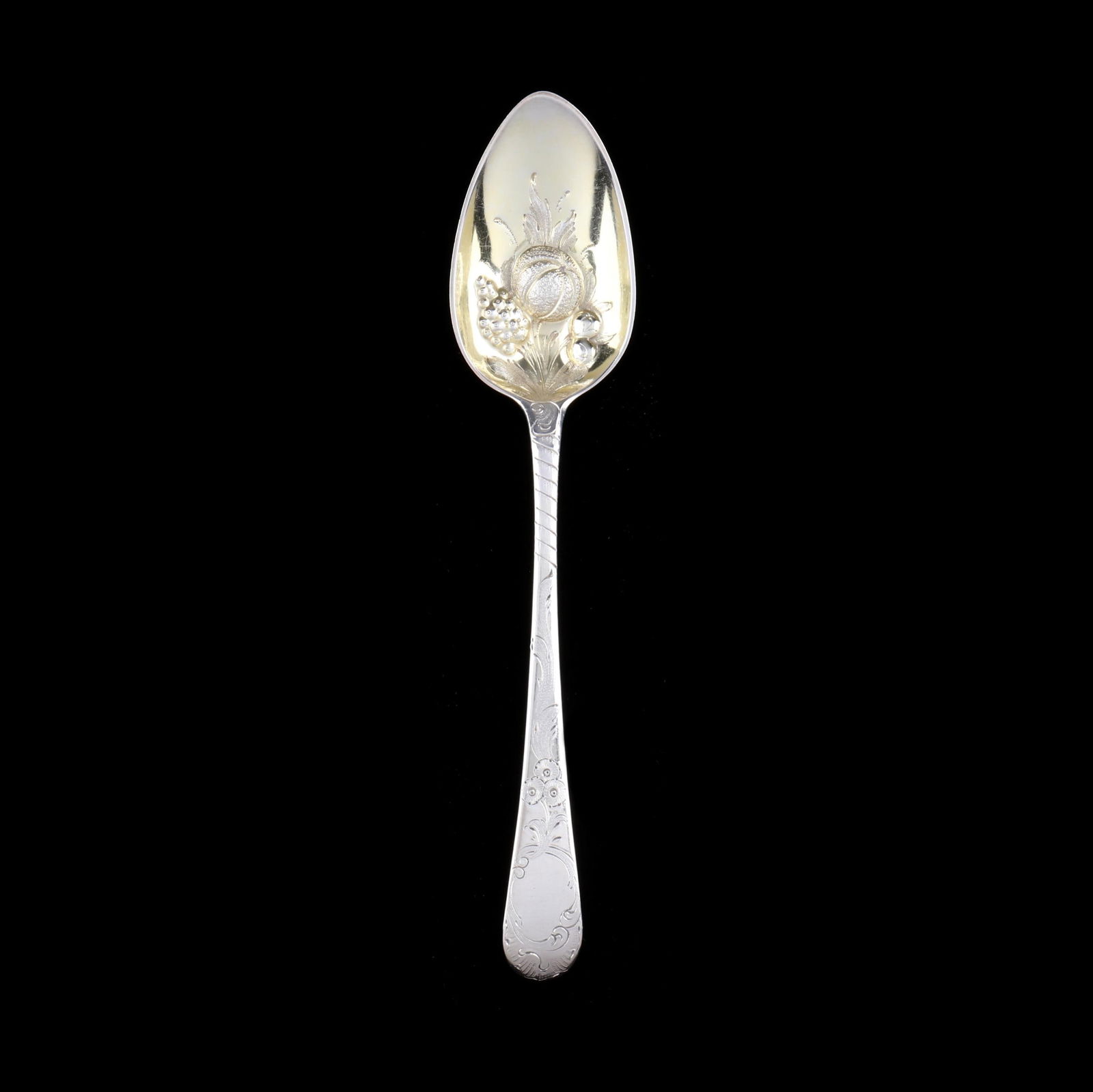 GEORGE III SILVER BERRY SPOONGeorge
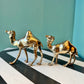 Pair of Vintage Brass Camel Figurines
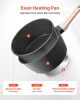 Saucepan Set, 1.5 QT & 2.5 QT Nonstick Saucepan with Glass Lids, Multipurpose Cooking Sauce Pots with Detachable Handles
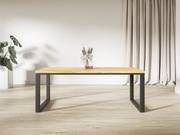 STÓŁ ROZKŁADANY DĘBOWY  RUSTIC NOGI U LOFT LOFTOWY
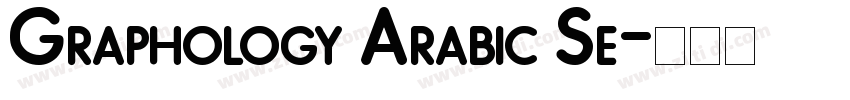 Graphology Arabic Se字体转换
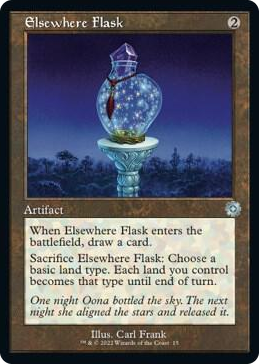 0015 Elsewhere Flask U The Brothers' War: Retro Frame Artifacts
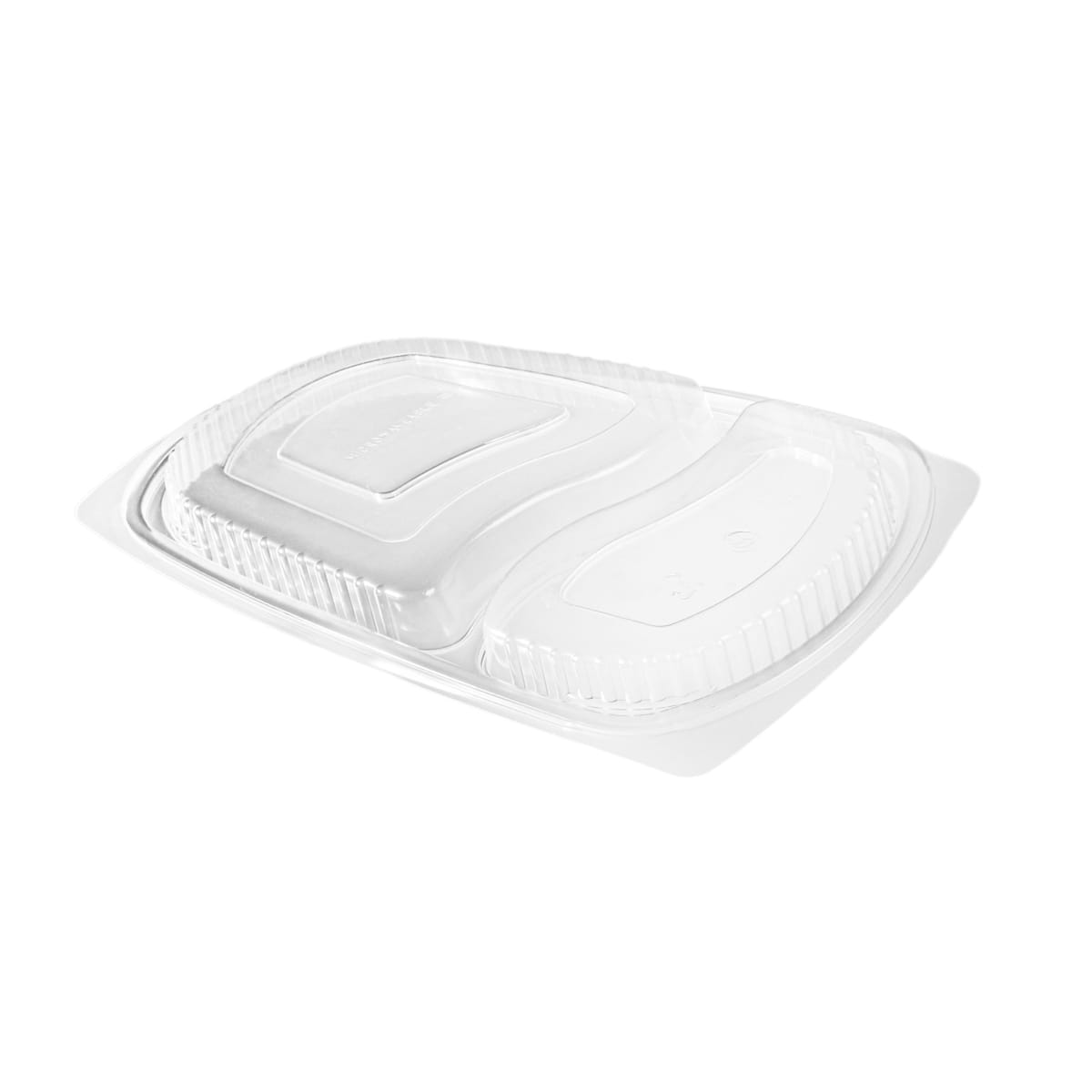 2891001.jpg PP lids for containers 260 x 185 mm, with two compartments, transparent, 100 pcs. - Image 1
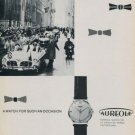 Aureole Watch Company Vintage 1958 Swiss Ad Suisse Advert Horlogerie Horology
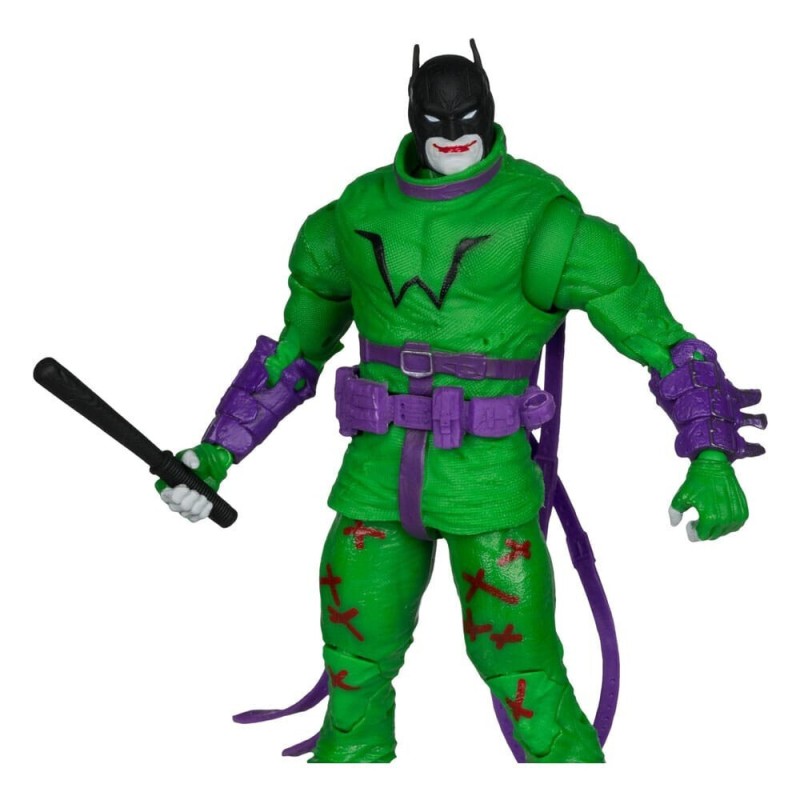 DC Multiverse Action Figure Batman (Batman: Last Knight on Earth) Jokerized (Gold Label) 18cm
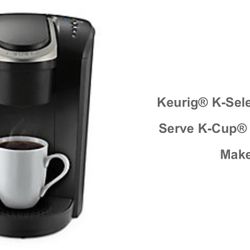 NEW Keurig® K-Select® Single-Serve K-Cup® Pod Coffee Maker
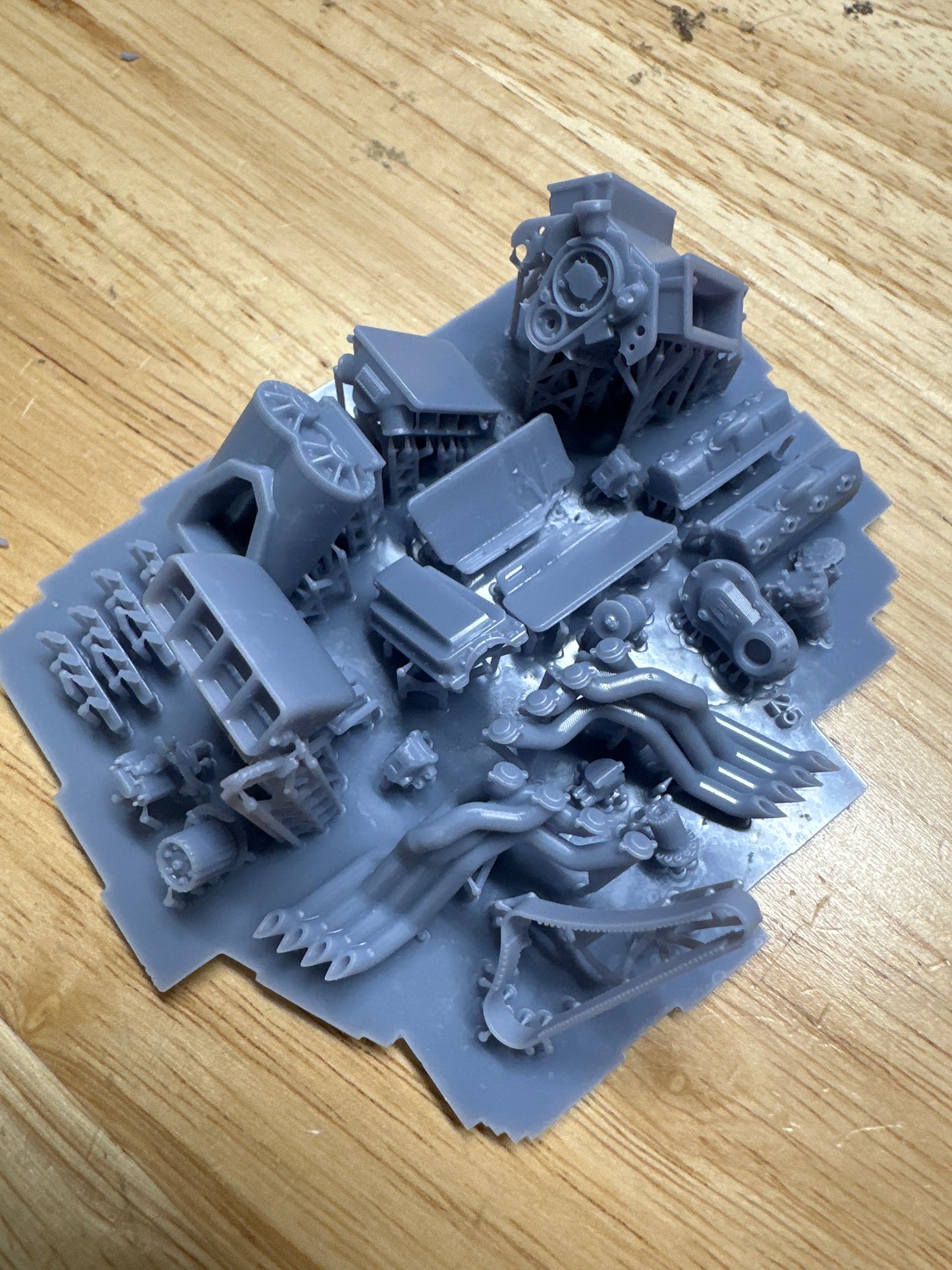 1/25 scale pro mod hemi engine factory reject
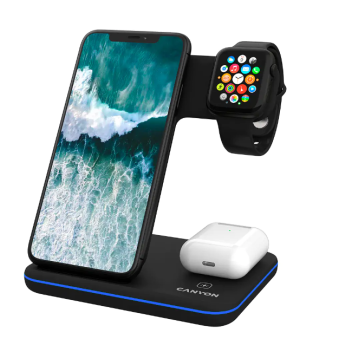 Зображення МЗП Canyon 3in1 Wireless charger (CNS-WCS303B)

Activity – Repeat each entry exactly as it appears; skip any picture.

The completed task –
 GEORGE III SILVER BERRY SPOONGeorge
 Pair of Vintage Brass Camel Figurines
 Saucepan Set, 1.5 QT & 2.5 QT Nonstick Saucepan with Glass Lids, Multipurpose Cooking Sauce Pots with Detachable Handles
 STÓŁ ROZKŁADANY DĘBOWY  RUSTIC NOGI U LOFT LOFTOWY
 Graphology Arabic Se字体转换
 0015 Elsewhere Flask U The Brothers' War: Retro Frame Artifacts
 2891001.jpg PP lids for containers 260 x 185 mm, with two compartments, transparent, 100 pcs. - Image 1
 Aureole Watch Company Vintage 1958 Swiss Ad Suisse Advert Horlogerie Horology
 DC Multiverse Action Figure Batman (Batman: Last Knight on Earth) Jokerized (Gold Label) 18cm
 NEW Keurig® K-Select® Single-Serve K-Cup® Pod Coffee Maker
 1/25 scale pro mod hemi engine factory reject
 Зображення МЗП Canyon 3in1 Wireless charger (CNS-WCS303B)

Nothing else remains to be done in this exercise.